Loro Piana, the luxury brand renowned for its exquisite cashmere and vicuña garments, is under court-mandated monitoring following allegations of systemic labour abuses in its supply chain. The Italian cashmere house, owned by LVMH, is accused of outsourcing production to unauthorised Chinese-run factories employing undocumented workers under exploitative conditions, including wage theft, unsafe workplaces, and violations of labour laws.
Spotlight on Loro Piana’s Labour Practices: A Pattern of Exploitation
While Loro Piana touts ethical sourcing, a Milan court investigation revealed a darker reality: the brand allegedly subcontracted production to a shell company with no production capacity, which further outsourced work to cut costs.
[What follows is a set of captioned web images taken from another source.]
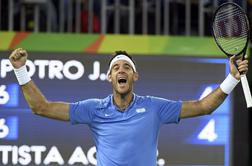 Del Potro izločil Nadala in se zavihtel v finale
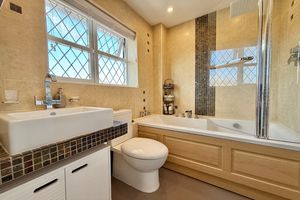Bedroom 1 En-suite- click for photo gallery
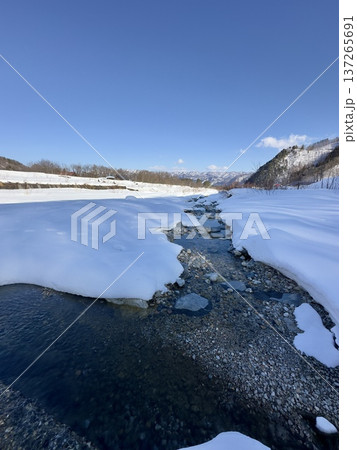 白馬を流れる川と北アルプス八方尾根 白馬を流れる川と北アルプス八方尾根 137265691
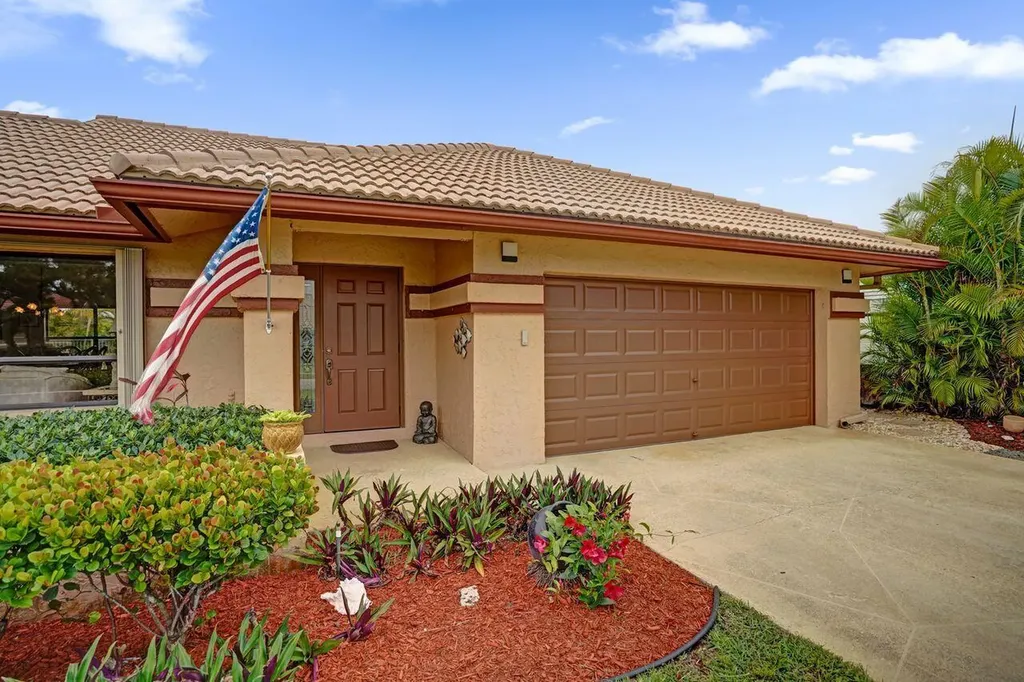 6063 Sunberry Circle Boynton Beach FL 33437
These factories, according to Italian authorities, slashed expenses by hiring undocumented labourers, paying poverty wages, and flouting safety regulations.
The case came to light after a Chinese worker reported being physically assaulted by his employer for demanding $11,700 in unpaid wages; an incident that led to the factory’s closure and the owner’s arrest. This follows a broader crackdown on luxury brands like Valentino, Dior, and Armani, which have faced similar judicial oversight in Italy.
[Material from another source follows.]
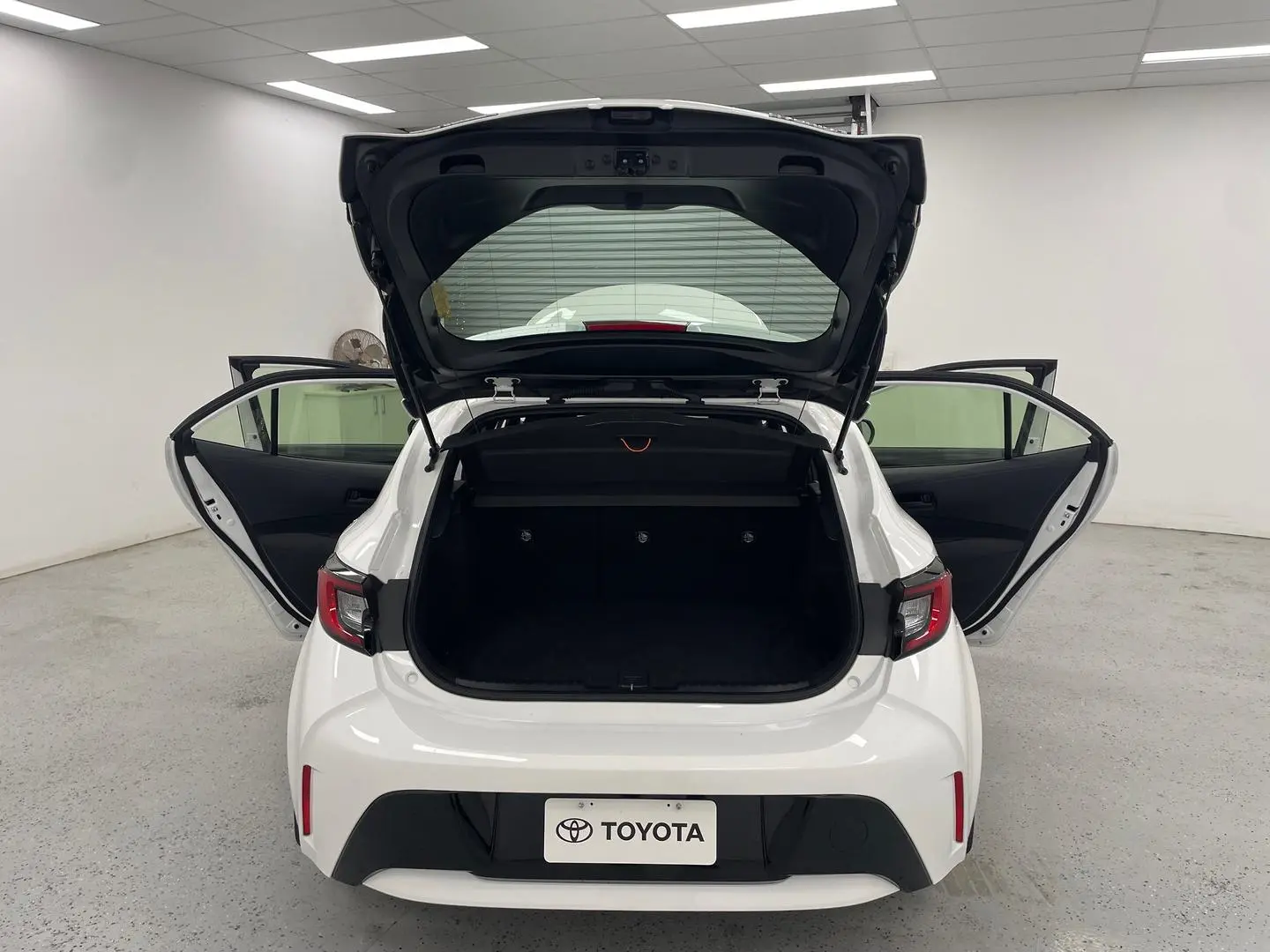 2023 Toyota Corolla Gallery Image 11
Legal Reckoning and Ethical Fallout
Loro Piana claims it severed ties with the implicated supplier within 24 hours of learning of the violations, yet, the court’s one-year monitoring order underscores deeper systemic failures. Critics argue that the case exposes the luxury industry’s reliance on an opaque supply chain, where subcontracting dilutes accountability.
The scandal forces an uncomfortable question: Can “quiet luxury” coexist with loud exploitation? As consumers demand transparency, Loro Piana’s response may redefine not only its reputation but also the standards of an entire industry.